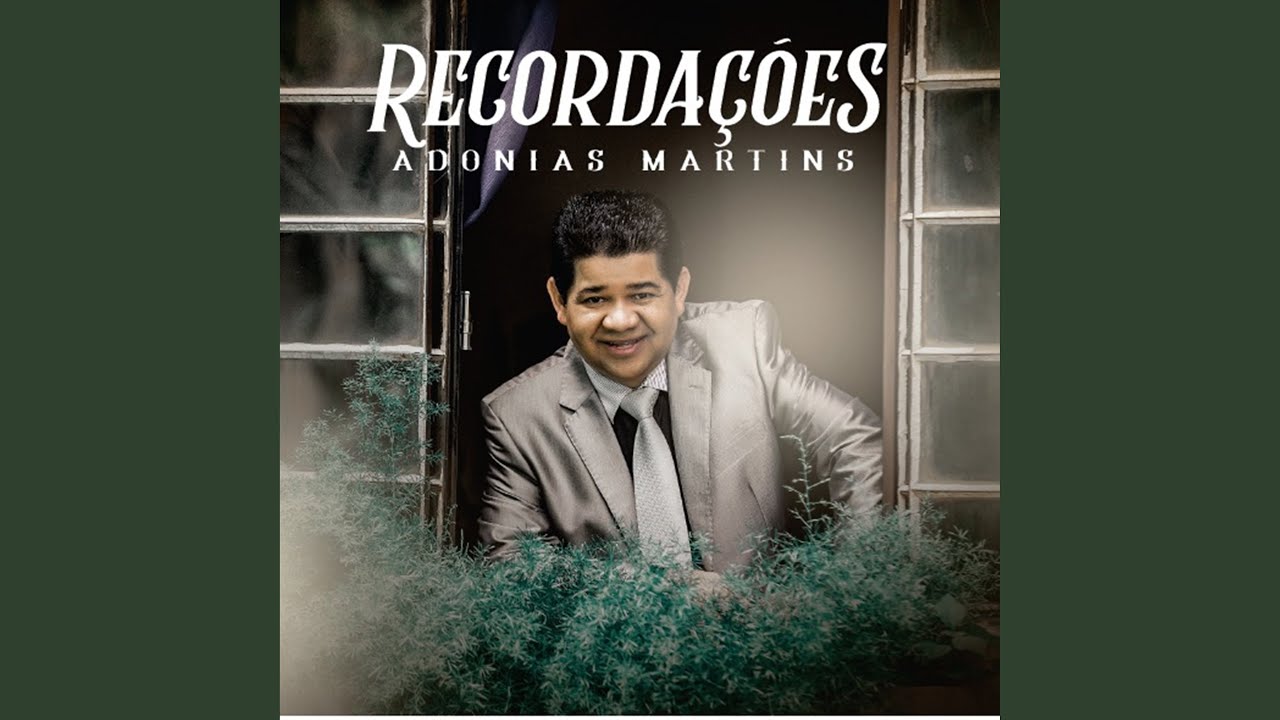 Se Mais Eu Pudesse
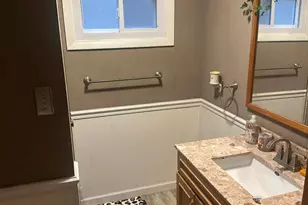 45 Shady Ln, Waverly, OH 45690 - Photo 24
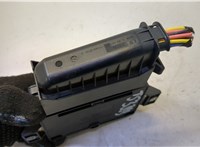 EB688735801, A006D781A, 0172270429 Блок управления стояночным тормозом BMW X4 F26 2014-2018 20482462 #3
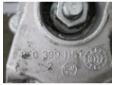 8e0399115k suport motor audi a4 2.0b alt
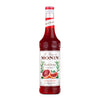 monin-blood-orange-syrup-70cl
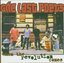 Last Poets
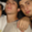 Avatar de maury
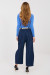 Džínsy model 223638 Rue Paris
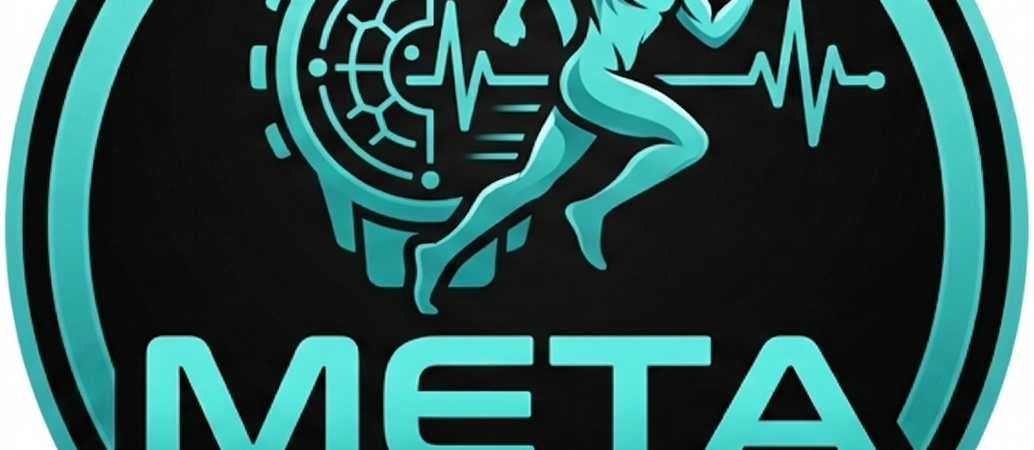 Descubra o Meta Saúde Tech: Seu Novo Aliado em Saúde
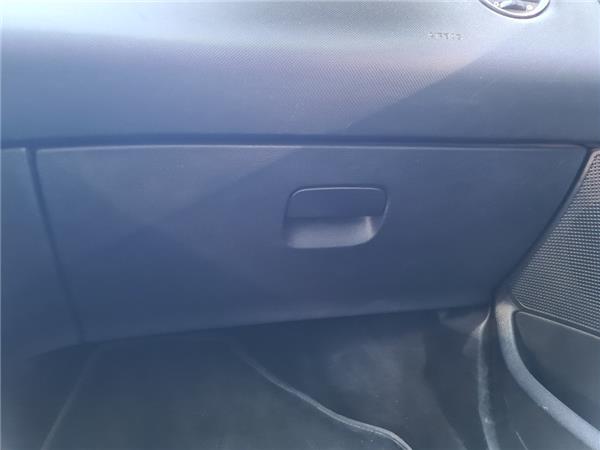 guantera salpicadero peugeot 308 sw 2008 16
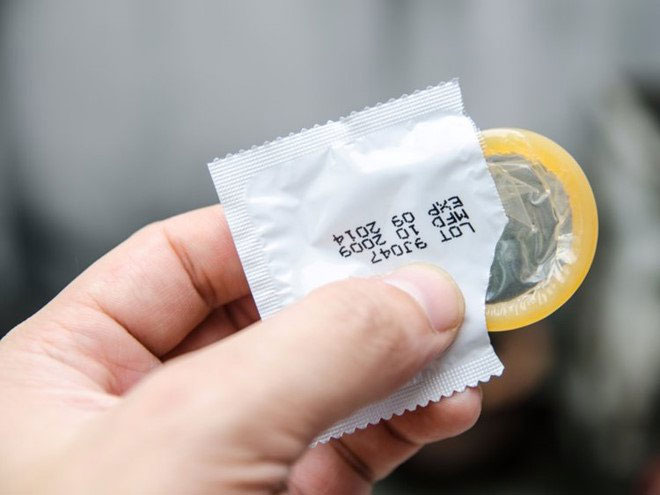 Các biện pháp tránh thai an toàn và hiệu quả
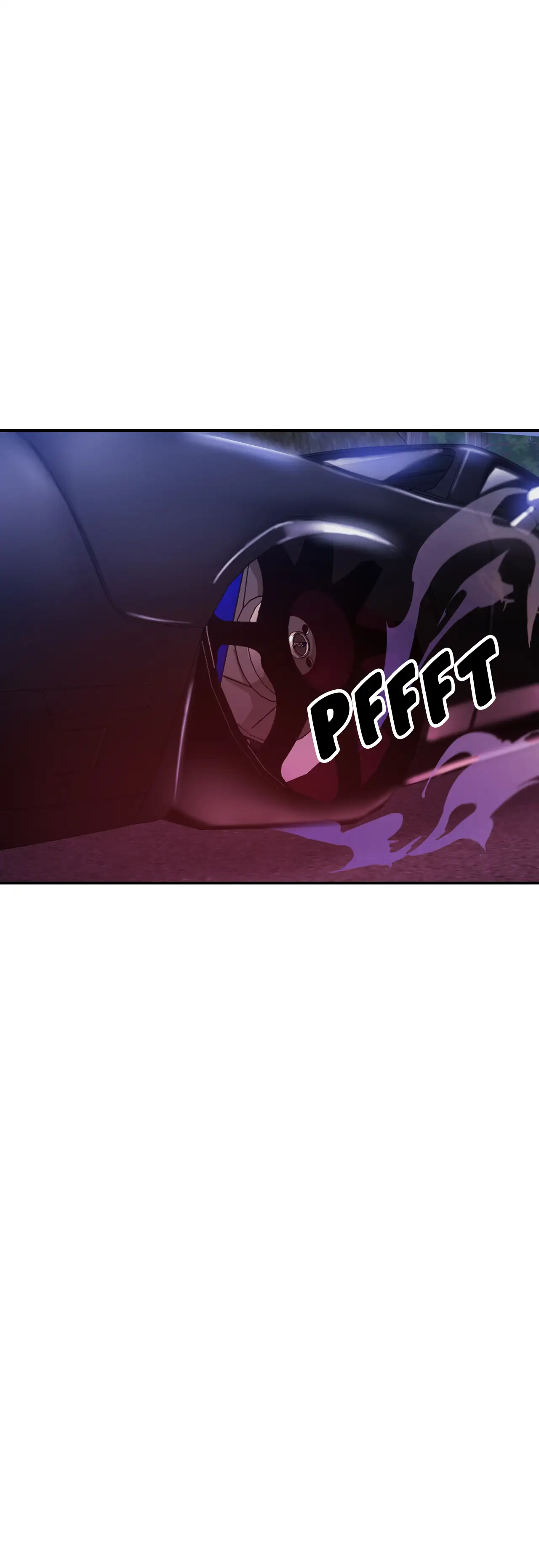 Rápida y curiosa - Episode 1 - read scene 37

■ ■ ■

# Problem description
Give the data again exactly as written, with no pictures included.

# Answer section
 Se Mais Eu Pudesse
 45 Shady Ln, Waverly, OH 45690 - Photo 24
 EB688735801, A006D781A, 0172270429 Блок управления стояночным тормозом BMW X4 F26 2014-2018 20482462 #3
 8e0399115k suport motor audi a4 2.0b alt
 monin-blood-orange-syrup-70cl
 Last Poets
 Avatar de maury
 Džínsy model 223638 Rue Paris
 Descubra o Meta Saúde Tech: Seu Novo Aliado em Saúde
 guantera salpicadero peugeot 308 sw 2008 16
 Các biện pháp tránh thai an toàn và hiệu quả
 Rápida y curiosa - Episode 1 - read scene 37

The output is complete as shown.